**What to work on**
Working from the records below, return word for word the line that contains "Св. прпмч. Вадим 20*23см" and each line after it, ending with the last. Skip all pictures.

[Crawled caption data]
○ ○ ○

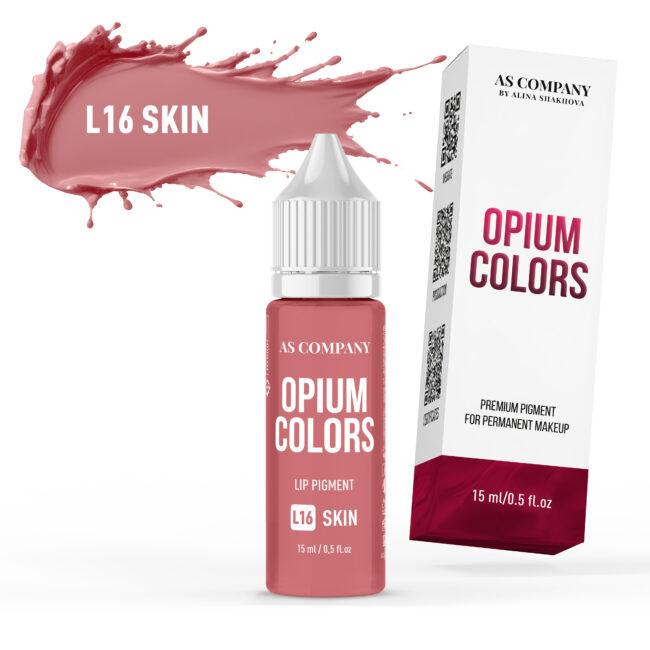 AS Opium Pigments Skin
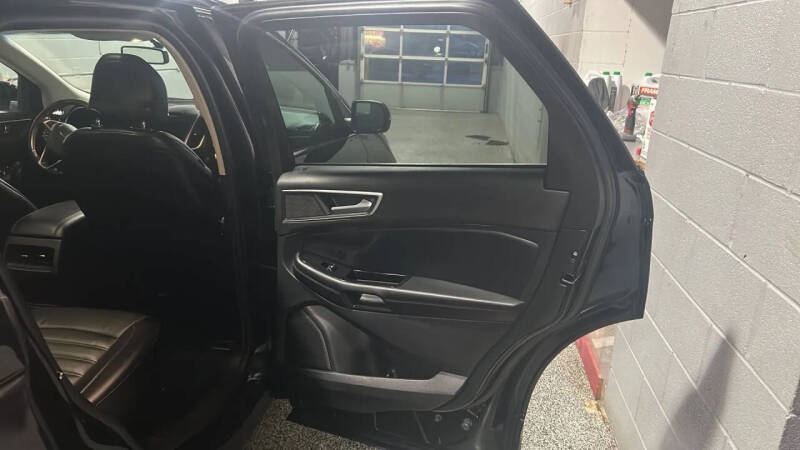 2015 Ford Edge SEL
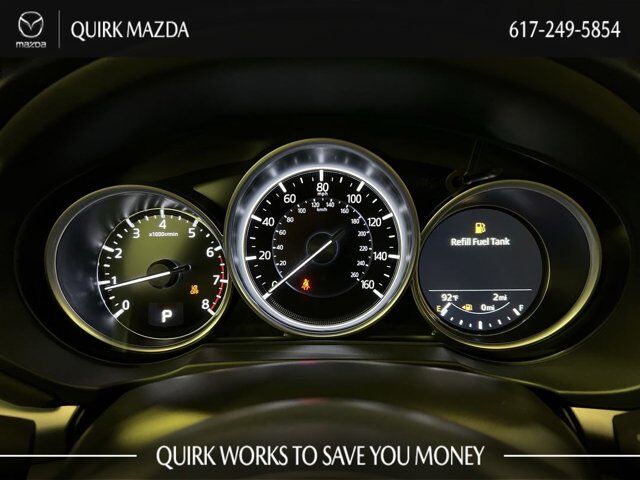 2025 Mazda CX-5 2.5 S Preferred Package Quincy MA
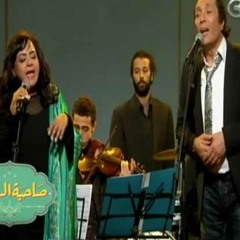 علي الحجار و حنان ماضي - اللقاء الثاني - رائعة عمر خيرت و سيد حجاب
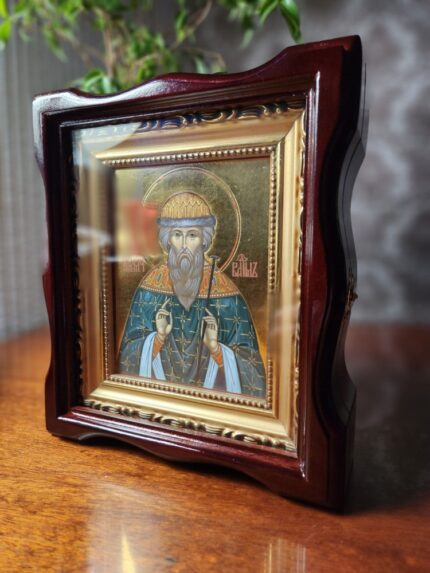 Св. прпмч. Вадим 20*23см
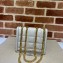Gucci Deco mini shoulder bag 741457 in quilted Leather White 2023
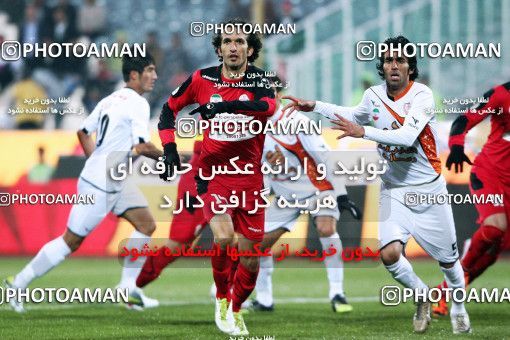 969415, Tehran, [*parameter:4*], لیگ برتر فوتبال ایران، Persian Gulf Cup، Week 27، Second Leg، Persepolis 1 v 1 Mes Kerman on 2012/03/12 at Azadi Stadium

○ ○ ○

**Response for this exercise**
 Св. прпмч. Вадим 20*23см
Gucci Deco mini shoulder bag 741457 in quilted Leather White 2023
 969415, Tehran, [*parameter:4*], لیگ برتر فوتبال ایران، Persian Gulf Cup، Week 27، Second Leg، Persepolis 1 v 1 Mes Kerman on 2012/03/12 at Azadi Stadium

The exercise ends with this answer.